What you give back must match the data character for character.

*** Opening GIVEN DATA ***

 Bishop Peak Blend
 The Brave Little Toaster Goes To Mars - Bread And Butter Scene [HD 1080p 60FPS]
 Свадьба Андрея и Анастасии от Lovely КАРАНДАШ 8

*** Closing GIVEN DATA ***

**OUTPUT OF THE TASK**
 Bishop Peak Blend
 The Brave Little Toaster Goes To Mars - Bread And Butter Scene [HD 1080p 60FPS]
 Свадьба Андрея и Анастасии от Lovely КАРАНДАШ 8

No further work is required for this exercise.